Step 2: Edit config file & run with Snakemake.

snakemake --configfile config.json --cores $nb_cores

Configuration :

inside the config.json you find all the parameters:

Mandatory parameters :

mode: can be either "index" or "table".

"index": Use this when running the pipeline for the first time to build the indexes. "table": Use this if the STAR and Minimap2 indexes already exist, and you only need to generate the table.
input_file: Path to the file containing sequences to annotate (supports tsv/csv, gzipped or uncompressed). Example in (data/input_file.tsv)
map_to: Name of the organism to which the tool will map your sequences.
reference: Path to the fasta.gz file used to build the index for the specified organism. Example for test reference
annotation: Path to the gtf.gz file used to build the index for the specified organism. Example for test annotation
preset: (Default : "map-ont") Adjusts internal parameters of Minimap2 (e.g., k-mer size, scoring schemes, alignment heuristics) to optimize performance and accuracy for specific data types, you can find other presets here.
minimap2_index: Path to the pre-built Minimap2 index for the organism, if previously created. if "index" mode, add ""
star_index: Path to the pre-built STAR index for the organism, if previously created. if "index" mode, add ""

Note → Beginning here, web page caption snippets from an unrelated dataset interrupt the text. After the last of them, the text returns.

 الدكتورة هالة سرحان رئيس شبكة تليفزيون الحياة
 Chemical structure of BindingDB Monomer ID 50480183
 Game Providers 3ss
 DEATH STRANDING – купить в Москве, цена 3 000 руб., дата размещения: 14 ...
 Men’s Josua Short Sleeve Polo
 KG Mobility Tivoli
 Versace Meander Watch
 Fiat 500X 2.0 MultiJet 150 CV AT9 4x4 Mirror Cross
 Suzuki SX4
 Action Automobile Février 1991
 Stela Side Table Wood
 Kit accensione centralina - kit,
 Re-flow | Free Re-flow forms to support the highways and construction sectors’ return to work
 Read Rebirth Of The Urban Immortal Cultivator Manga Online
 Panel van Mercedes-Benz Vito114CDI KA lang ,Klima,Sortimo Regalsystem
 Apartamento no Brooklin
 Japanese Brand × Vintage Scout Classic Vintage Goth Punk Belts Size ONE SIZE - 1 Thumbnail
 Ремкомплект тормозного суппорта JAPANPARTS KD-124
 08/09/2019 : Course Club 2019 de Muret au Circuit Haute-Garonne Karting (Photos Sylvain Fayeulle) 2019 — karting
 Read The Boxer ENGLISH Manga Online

The preset used for index building must be consistent. Some presets may not provide information about chimeric reads. In such cases, you may need to build the index again using a different preset.

*About the GTF

Only the "exon" features of the GTF file will be used. In order for the program to run properly, the mandatory attributes (column 9) are : "gene_id", "transcript_id", "gene_type".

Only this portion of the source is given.